Research Highlights

Ten new genes implicated in coronary heart disease

Published online 8 September 2015

New gene locations have been implicated in increased susceptibility to coronary artery disease.

Nadia El-Awady

An international research team — from Europe, East and South Asia, the US and Lebanon — managed to identify 10 new genes associated with coronary artery disease (CAD) after collecting clinical and genetic data from more than 60,000 patients and more than 123,000 healthy controls1

Through statistical modelling techniques they were able to identify patterns, called markers, specific to the DNA of CAD patients. By comparing these markers with those in the healthy controls, they were able to pinpoint genetic associations specific to CAD susceptibility.

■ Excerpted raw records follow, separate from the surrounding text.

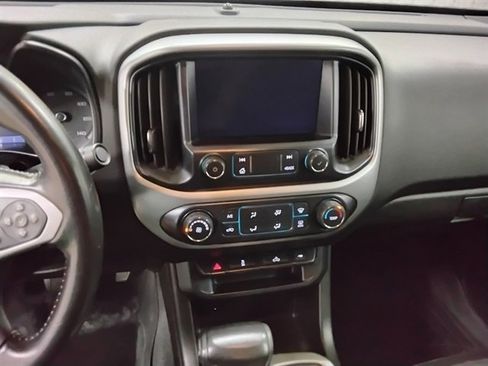 Used 2019 Chevrolet Colorado LT w/ LT Convenience Package AWD/4WD image 12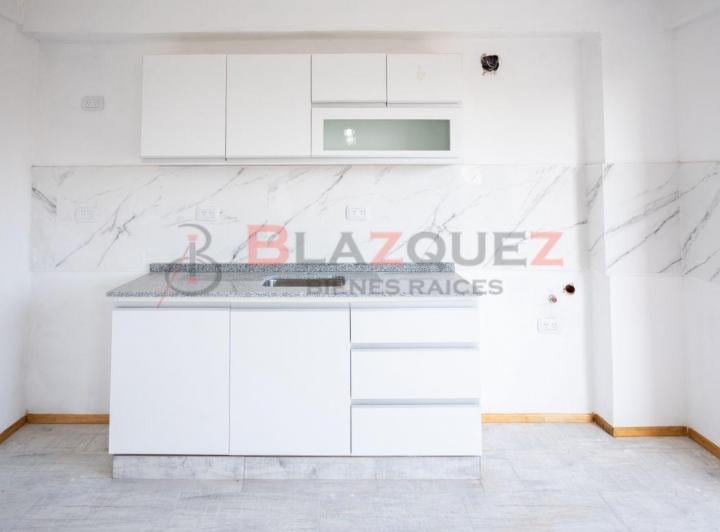 Departamento · 60m² · 3 Ambientes · 1 Cochera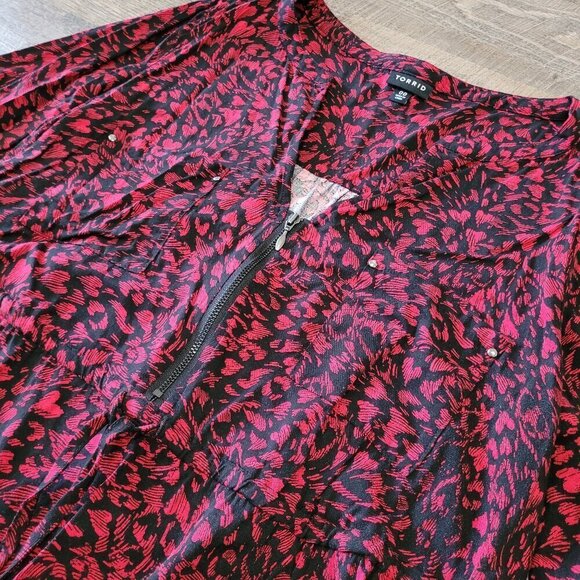 TORRID | Mini Challis Zip-Front Shirt Dress Hearts | Sz. 00/M/10 - Picture 8 of 11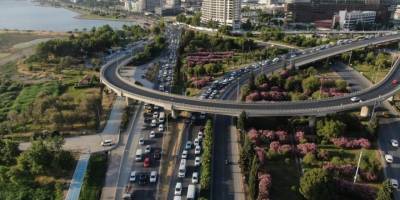 İzmir'de trafiğe kayıtlı araç sayısı arttı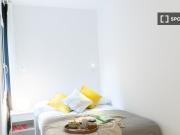 Se alquila habitación en apartamento de 2 dormitorios en...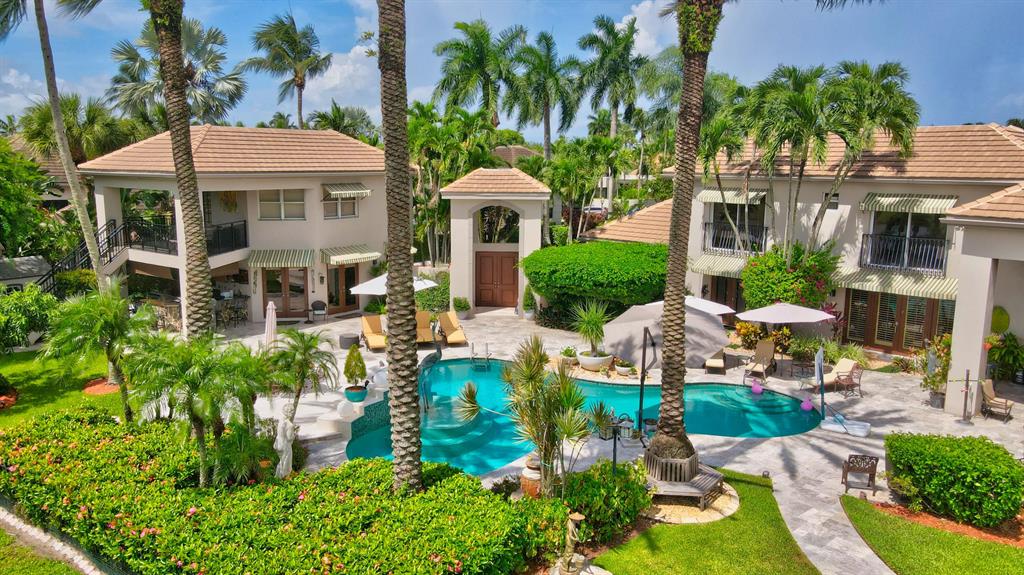 VINTAGE PLACE - Residential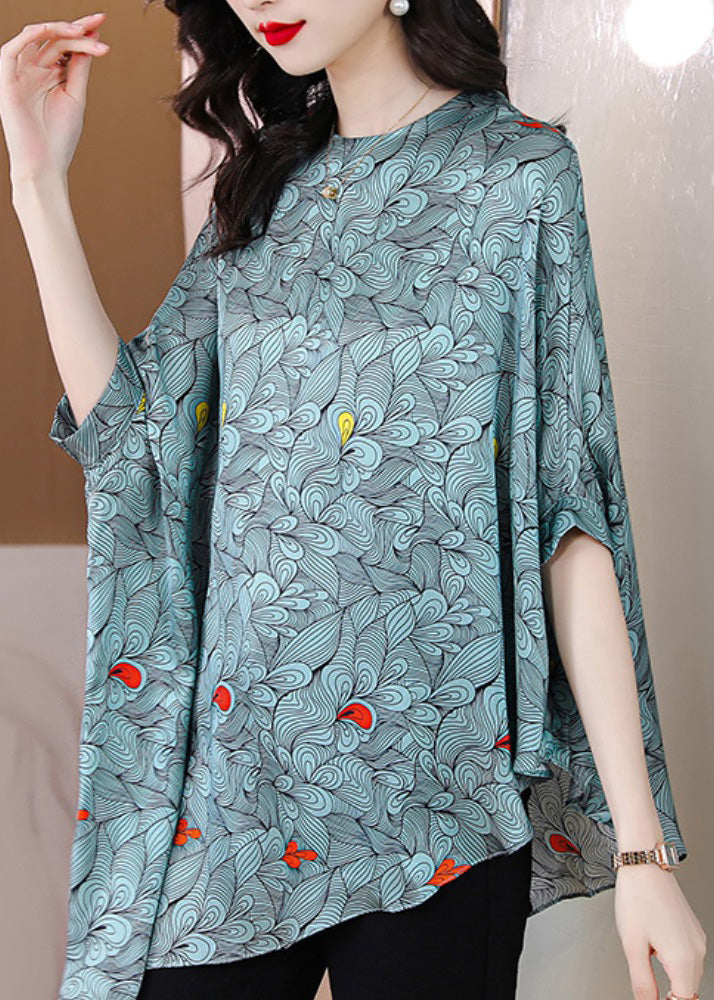 Gracefully Styled Top for Any Occasion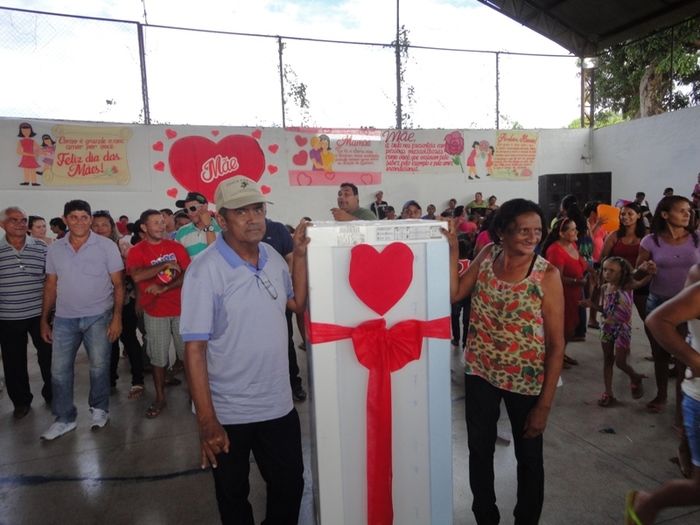 Multidão comparece à festa de homenagens às mães em N. S. dos Remédios - Imagem 89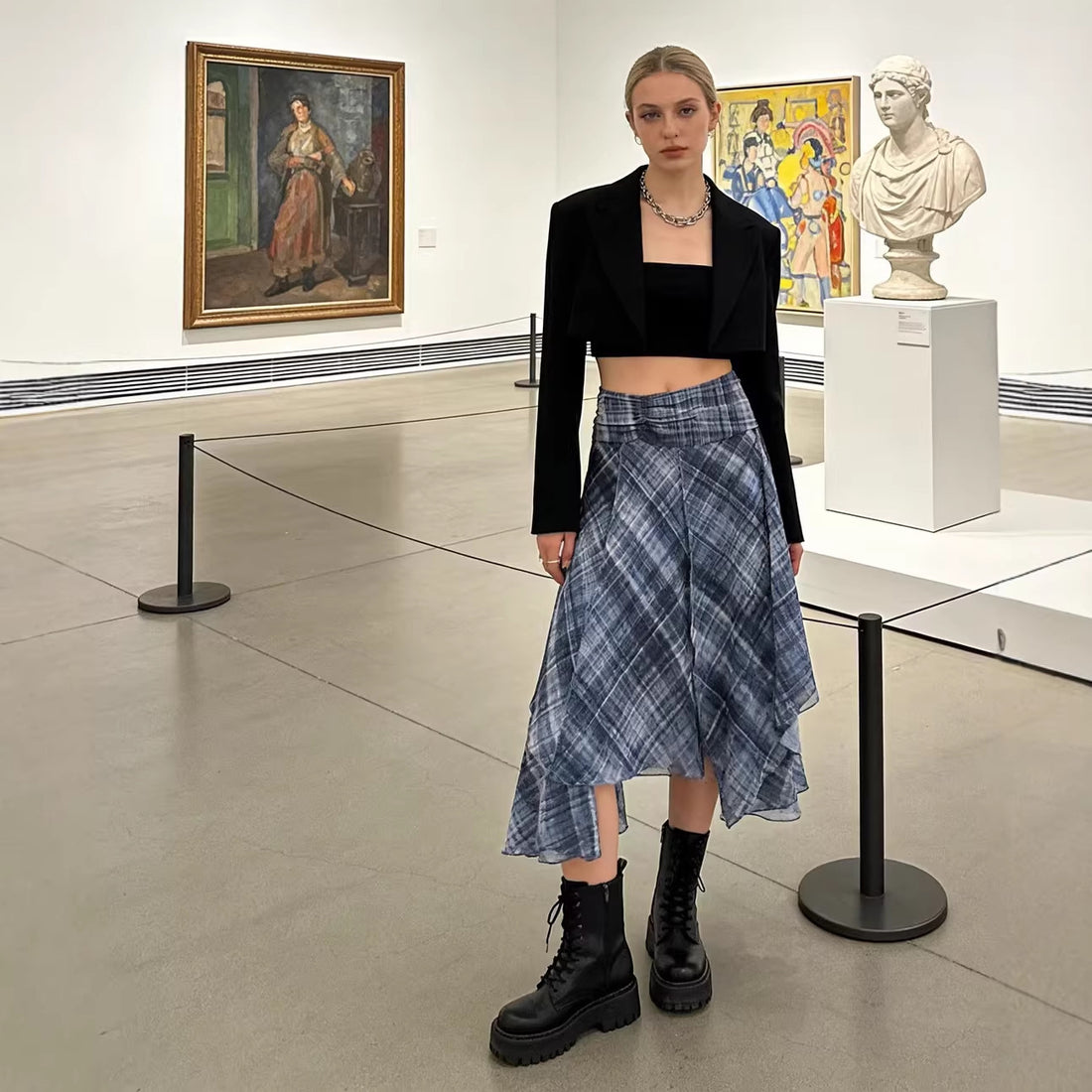 Damen Asymmetrischer mehrlagiger Midirock aus Chiffon mit weitem Taillenbündchen und Karomitternung Echo Archiv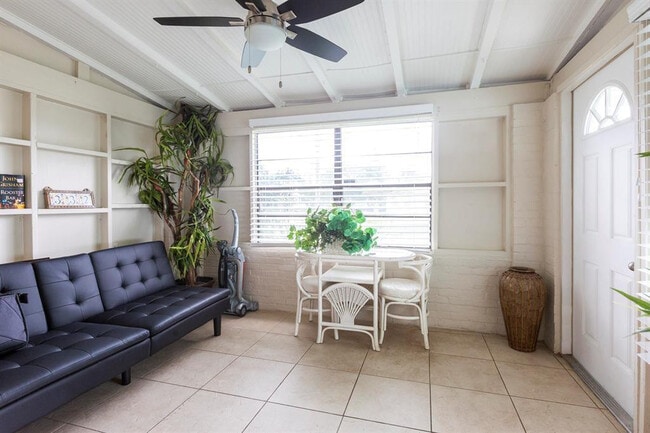 Building Photo - 332 S Swinton Ave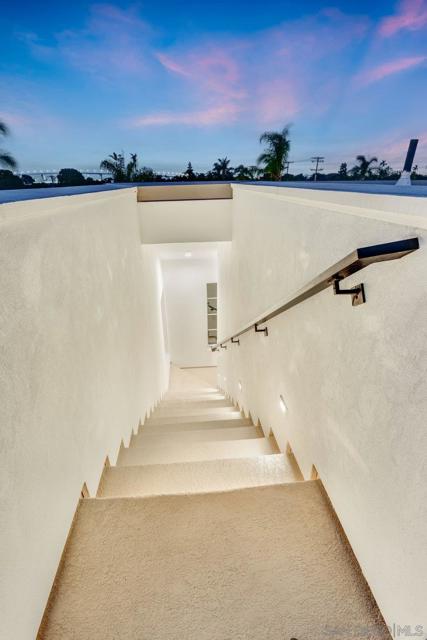 Image 40 of 75 For 478 Orange Ave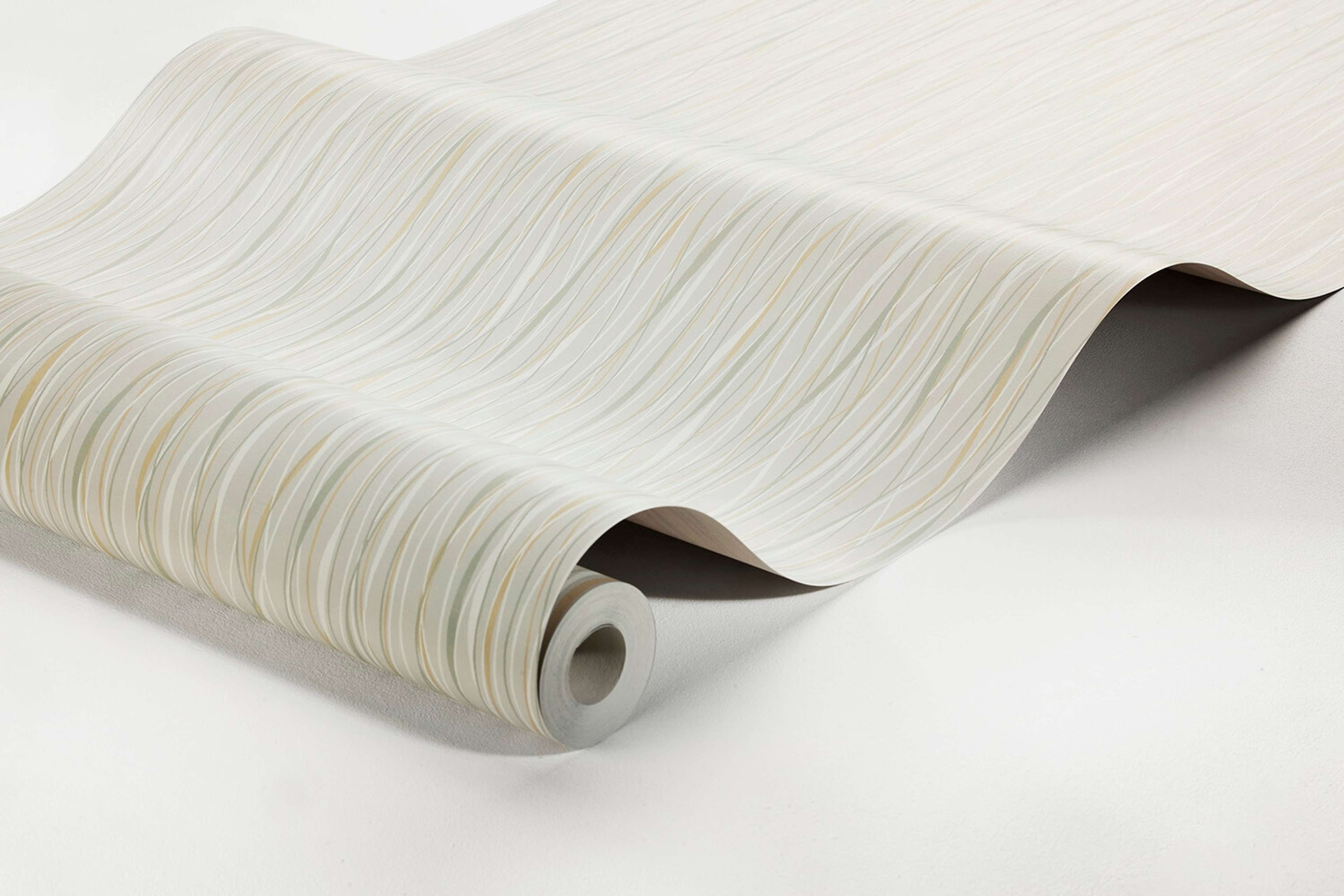 Ängby tapet med grafiskt mönster i beige. Från kollektionen Alla Tiders Hus. Nonwoven-material med förskjuten passning. Passar i vardagsrum, matsal och kök.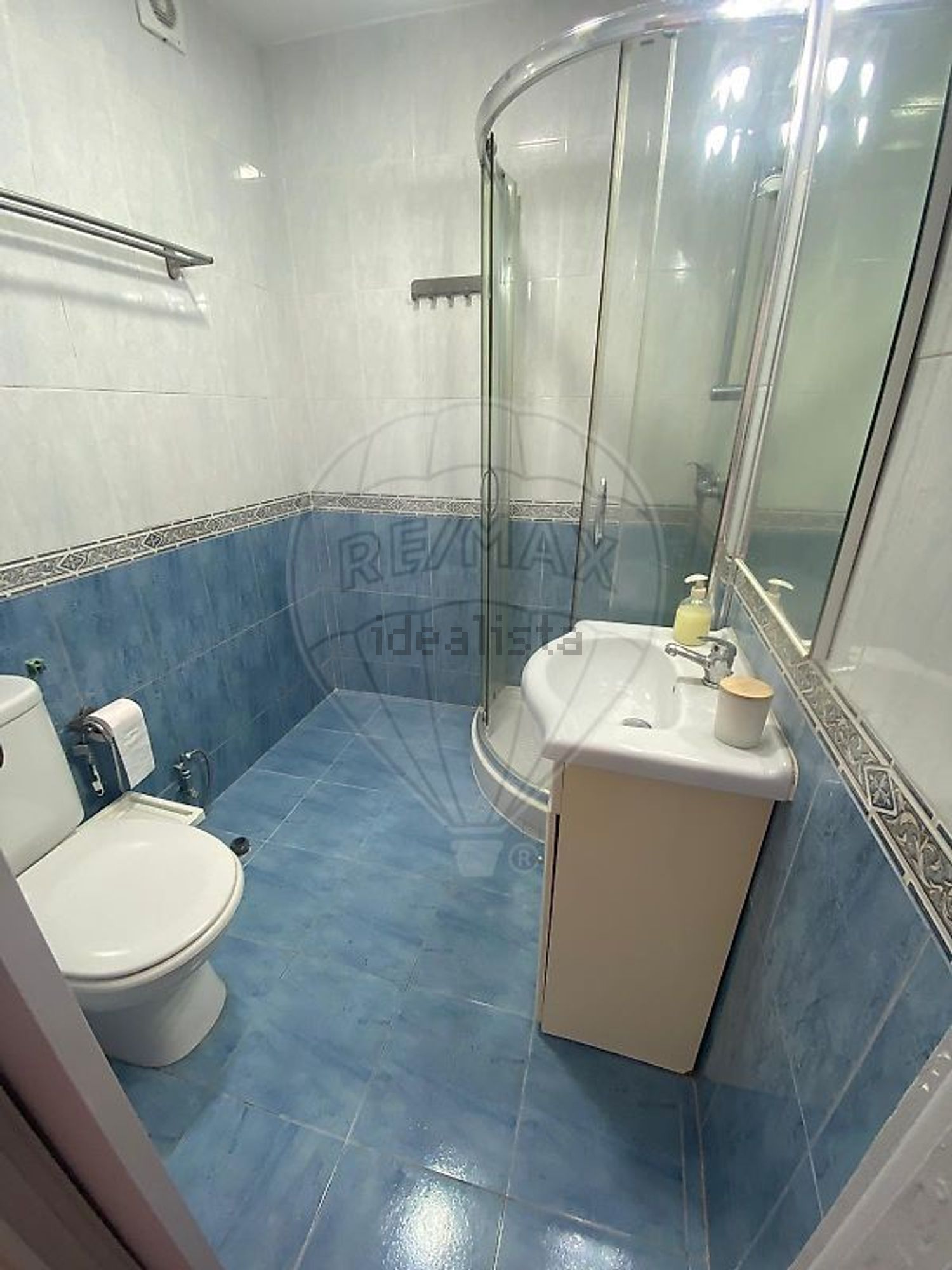 公寓 t2出售在Rua Escola Primária - 卫生间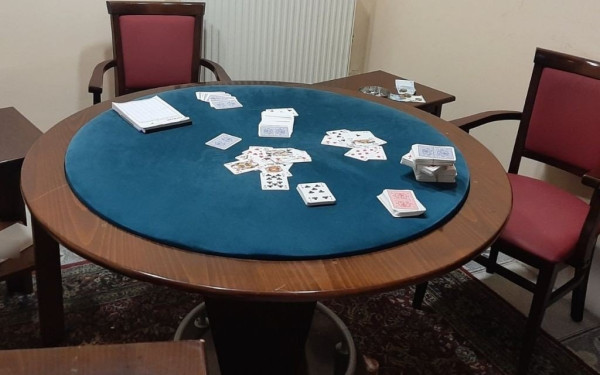 Κρήτη: Ο «Θανάσης» στο καφενείο τους έστειλε στο τμήμα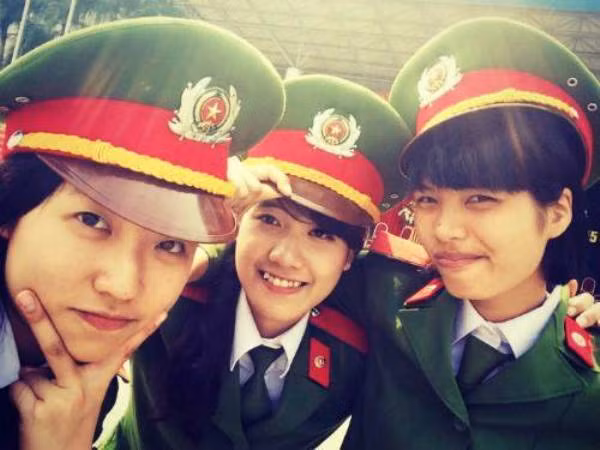 Từ nhỏ Linh ước mở một quán cafe miễn phí và trở thành một nữ cảnh sát giỏi trong tương lai.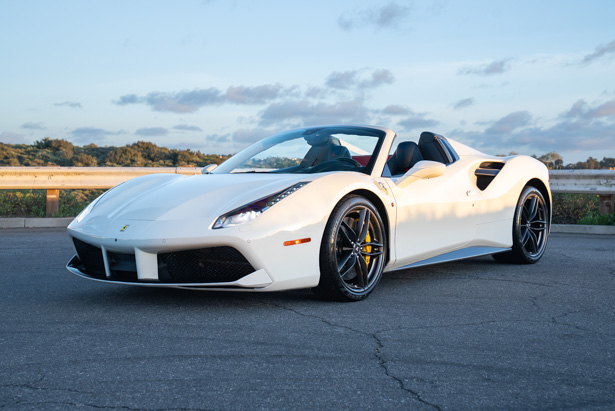 2018 Ferrari 488 Base RWD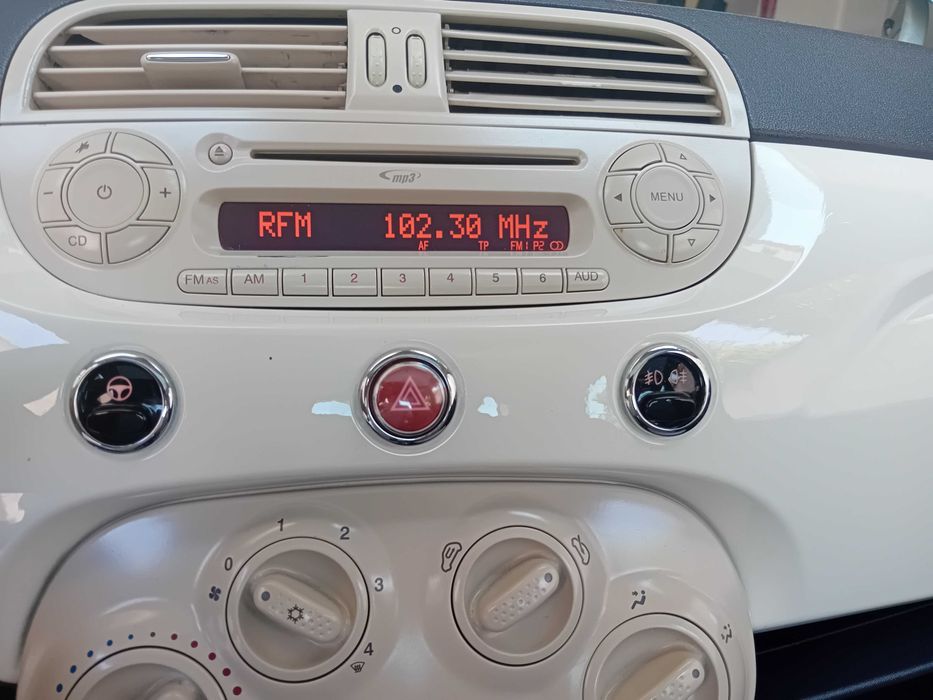 Fiat 500 1.2 cc com 140mil kms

The genes were similar across multiple ethnicities with diverse ancestries. 

“We have known for many years that heart attack, one of the most common causes of death worldwide, tends to cluster in blood relatives,” says cardiovascular geneticist Martin Farrall from the University of Oxford, UK. “Our study shows that scores of genes, each associated with a small increase in risk, can explain most of this familial clustering.” 

The identified genes also point to biological pathways that are disrupted in CAD patients, including aspects related to the biology of the heart vessel walls.

“In the long term, such knowledge has the potential to target the design of novel drugs that will complement existing treatments, like statins, to both prevent CAD and improve patient's prognoses,” says Farrall.

The team is now studying how the CAD genes might relate to other common diseases, including Alzheimer's disease.


Nikpay, M. et al. A comprehensive 1000 Genomes-based genome-wide association meta-analysis of coronary artery disease. Nat. Genet. (2015).